Piglet experiments were performed in a commercial farm as well. Here we used one department as control and another department as test, with 14 meters distance in between. We limited coil size such that the stray fields at the control were calculated to be smaller than 1 nT. At the piglets we achieved 0.4 μT which we hope to increase to 2 to 5 μT in the near future. Results for our early tests showed that the exposed piglets had an 8.6% higher growth per day as % of starting weight than the controls on average over 6 runs, with a standard deviation of 6.3%. Also a 3% better feed conversion was obtained.

Finally, in the Brazilian shrimp industry there is a widespread problem with reduced growth due to inbreeding because of a national ban on importing fresh brood stock for fear of diseases. Because of this we performed a field trial with farmed shrimp in Salvador, Brazil.

In a first run we obtained 50% faster growth from the experimental pond in contrast to that observed in the control pond. The harvest from the treated pond was 808 kg, while the control pond delivered 520 kg, for the same amount of feed employed. The treatment seems to restore normal growth rates and again, much better feed conversion!

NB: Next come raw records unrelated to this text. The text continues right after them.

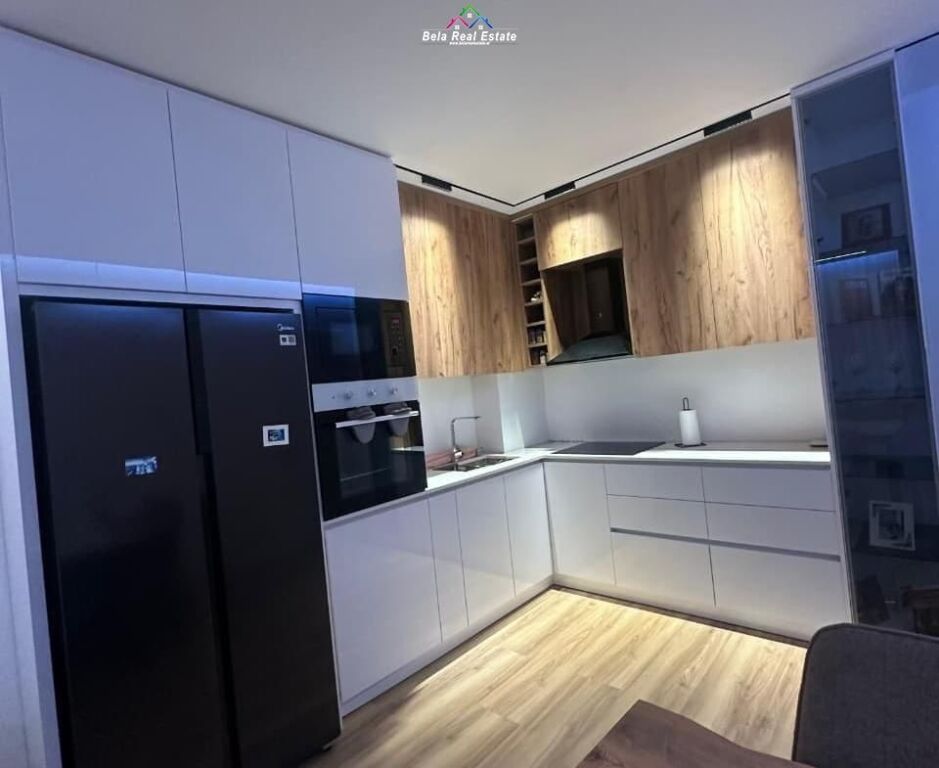 Apartment For Sale 2+1 At Univers City (ID B120842) Tirane
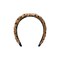 Aiwanto Hair Band Polkadots Braided Hair Band Head Band Beautiful Fashion Hair Accessories For Girls Womens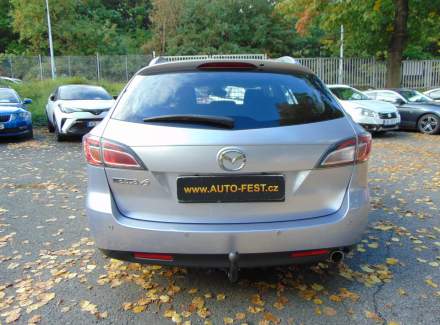 Mazda - 6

This research indicates that this ELF EMF treatment is capable of stimulating the immune system. LF EMF treatment reduces the damage, in terms of intestinal lesions of Coccidiosis infection in broilers. Moreover LF EMF treatment was shown to improve feed conversion up to 12 points, equivalent to some 8% reduced feed uptake for equal growth. Pilot studies with piglets and shrimp growth showed similar feed conversion improvements.

Because of the low field strengths required, and the surprisingly large effects on animal health, the results indicate that practical application with important economic advantages for farmers is possible.

Selected references

Cuppen J.J.M., Wiegertjes G.F., Lobee H.W.J., Savelkoul H.F.J., Elmusharaf M.A., Beynen A.C., Grooten H.N.A. and Smink W. (2007): Immune stimulation in fish and chicken through weak low frequency electromagnetic fields, The Environmentalist, 27, 577-583

Lupke M., Rollwitz J. and Simkó M. (2004) 50 Hz magnetic fields induce reactive oxygen intermediates in human monocytes and in Mono Mac 6 cells. Free Radic. Res. 38, 985-993

Matzinger P. (2002): The danger model: a renewed sense of self. Science 2002;296:301-5.

Simkó M., Droste S., Kriehuber R. and Weiss D.G. (2001): Stimulation of phagocytosis in murine macrophages by 50 Hz electromagnetic fields. Eur. J. Cell Biol. 80, 562-566

Simkó, M. and Mattsson M.O. (2004): Extremely low frequency electromagnetic fields as effectors of cellular responses in vitro: possible immune cell activation. J. Cell. Biochem. 93:83-92, 2004.